前者は共同体としては最小、後者は最大のもので、両方とも、自分の意思とは無関係に、生まれたときからそこに自分が組み込まれてしまう。
その器の外へでるのは容易ではないが、新しい器へと移動することは、実は簡単なのではないか?
以前、坂口君の新政府を見ていて思ったのはそういうことだったが、ここでもやはり同じことを考えた。

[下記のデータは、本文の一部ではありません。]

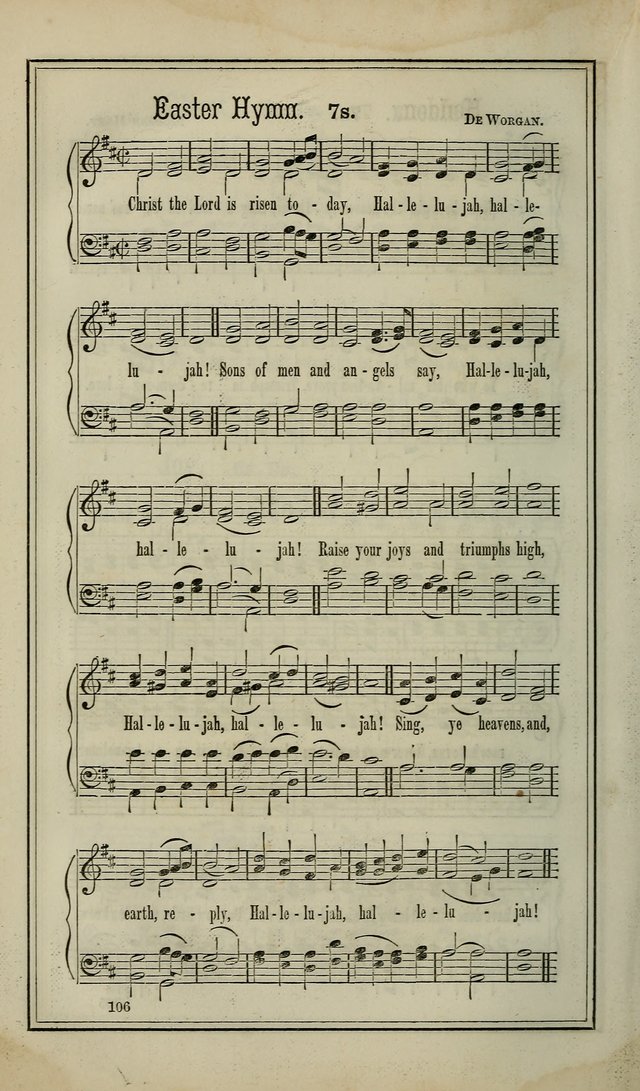 The Voice of melody: a choice collection of hymn tunes for choirs, prayer-meetings, congregations, and family use page 106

最後に少し──タイトルにも入っているフレーズ「愛することに決めた」という言葉についてだが、これは不可能性をはらんでいる。
なぜなら、「愛する」ことは決められないからである。
愛は努力で達成するものだと説いたエーリッヒ・フロムには怒られそうだが、私は「愛」というのは決めたり教えたりするものではないと信じている。
持たぬものは一生持たないし、持っている人は最初から持っている。あとから獲得できることはあるけれど、決して自分で決めたから愛する、というようなことはありえない。それは単なる自己洗脳だ。

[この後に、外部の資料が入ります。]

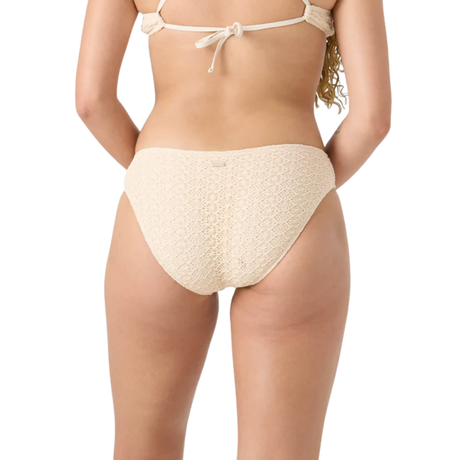 Roxy Roxy Women's  Crochet Hipster Full - Cream Cream S Womens Bikini Bottoms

それでも決めた、と書き記すならば、このタイトルこそが主人公たちのつくった最初の法律なのだろう。
いまや、人は国を自然に愛することができない。最初からそうだったのかも知れないし、時代のせいかも知れない。
読後、カート・ヴォネガットが言った「愛は負けるが親切は勝つ」という言葉を思い出した。ペシミストだった彼がなぜ「親切」を信じたのか、本書を読んでその理由がわかった気がした。